I think a lot of McClelland's blends have that ketchup smell. Personally, I like it, but its not really ketchup to me, its more like an oakey vinegary smell or something.


----------



## croatan (Mar 23, 2005)

That's fairly typical of McClelland's blends. I usually let them air out for a while before packing and lighting them. Though the tin odor is usually of ketchup, the tobaccos don't share the taste once lit.


----------



## Ultravox (Jan 4, 2007)

I've yet to have a McClelland blend that didn't smell faintly reminiscent of ketchup in the tin, but I've never found this to translate over to the flavour or room note when smoking.


----------



## Mad Hatter (Apr 8, 2007)

I'm not a McC fan but I do like their latakia blends. Those are missing the ketchup flavor.


----------



## TheRealBonger (Sep 7, 2007)

I had never noticed this until I opened a tin of Dominican Glory maduro. I hate ketchup, and was overwhelmed by the smell. I couldn't stand to smell the tobak, so I just loaded it up and smoked. Thankfully the tobak did not taste anything like that smell. I am going to let that tin rest for awhile, and then revisit. :tu P.S. It was a great tobak, being that I smoked cigars before getting into pipes.


----------



## PipesandGOP (Feb 7, 2008)

My pipe reeked of it for days so I gave up on it, figured I'd come back to it later. Unfortunately my cocker spaniel had her own plans for it. She managed to jump from the stoop in the garage, to the grill, then from the grill to on top of the work bench just to get at it.
I do think I'm going to pick up another tin just to see if my taste has adjusted a bit.


----------



## Highstump (Jul 13, 2008)

Every McClelland virginia tobacco has that aroma and I like it.

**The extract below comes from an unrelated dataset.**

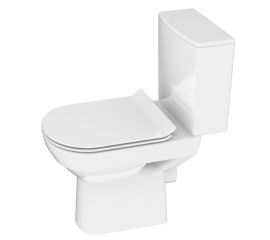 Toilet bowl Cersanit (S-KO-CIT011-3/5-COn-S-DL)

You will probably notice it to a lesser degree in most any virginia tobacco that has aged a bit. It has never come through in the flavor of the tobacco while smoking however. p


----------



## BlackDog (May 19, 2006)

I've also found that the ketchup smell does not interfere with the flavor of the smoke. I wonder if letting it dry out and then rehumidifying it would help?


----------



## Highstump (Jul 13, 2008)

BlackDog said:


> I've also found that the ketchup smell does not interfere with the flavor of the smoke. I wonder if letting it dry out and then rehumidifying it would help?


To be honest BD I've never had an open McClelland blend around long enough for it to dry out.


----------



## BlackDog (May 19, 2006)

Stumper, if you want to try the drying routine, crack open a tin of Dark Star and send it to me. I'll handle it from there for you.


----------



## Highstump (Jul 13, 2008)

Much appreciated buddy, I will give it some serious thought. :sl


----------



## dogsplayinpoker (Jan 23, 2007)

BlackDog said:


> Stumper, if you want to try the drying routine, crack open a tin of Dark Star and send it to me. I'll handle it from there for you.

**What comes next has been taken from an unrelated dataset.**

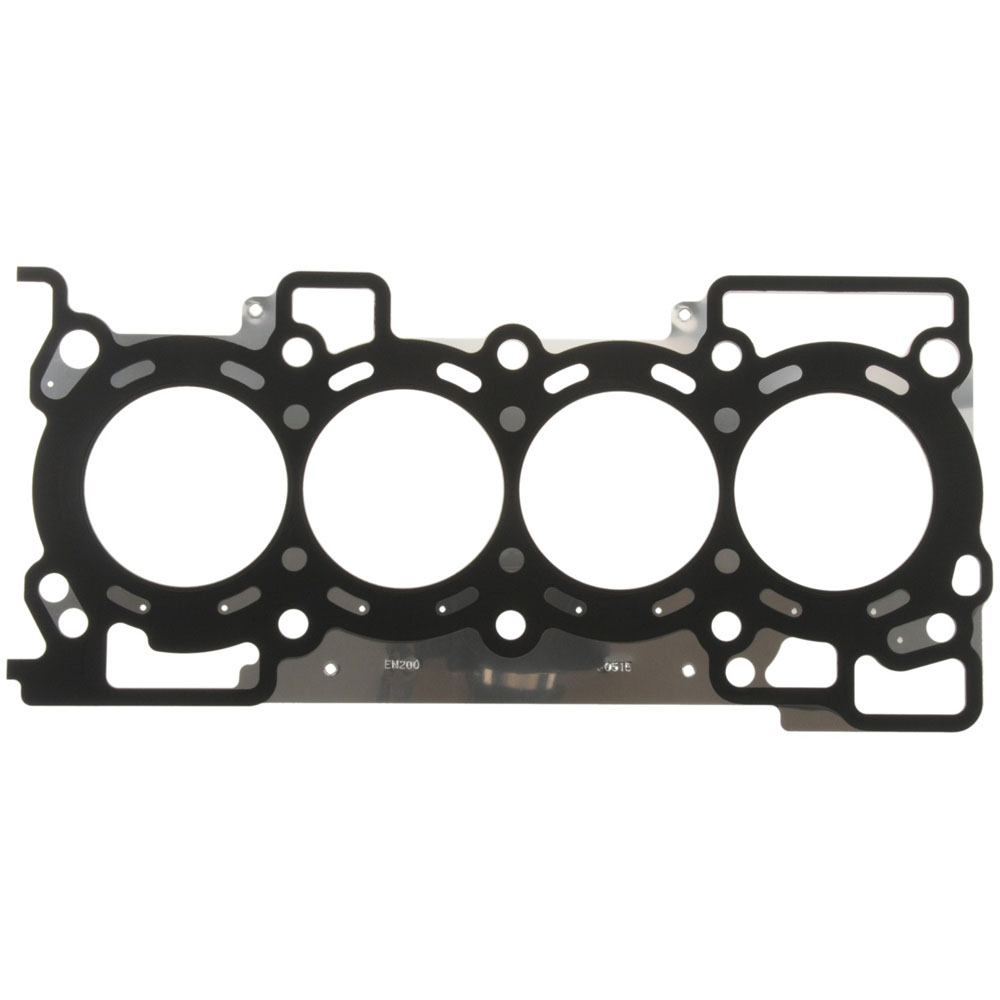 2009 Nissan Cube Cylinder Head Gasket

It's that spirit of helpfulness that keeps bringing me back!

I get that ketchup smell but never in the actual smoke. 
I like ketchup. It contains natural mellowing agents that help you realize that it's good enough just being yourself.


----------



## hyper_dermic (Dec 17, 2006)

I dont mind the smell at all, infact i equate it to a Good virginia...

Some of the best VAs ive ever had reeked of that smell... It mellows after many years.. but its still there... that ketchuppy tobacco really does age nicely though...

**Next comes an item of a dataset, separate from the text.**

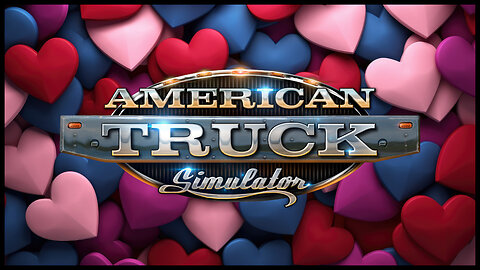 ATS 1.58 Valentines Event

try out some older PCCA blends (they are special limited edition blends that are tinned by McCellands for PCCA), most PCCA blends start off with heavy ketchup smell, but man after 5 or so years they really begin to shine... after 10+ years they are damn near perfect. Ive got a truckload of PCCA tins in my cellar awaiting the 10 year mark.
I was lucky enough to grab some of their 10+ year VA blends and they truly are the best VAs ive ever had. 

Bottem line.. dont hate on the Ketchup!

-hyp


----------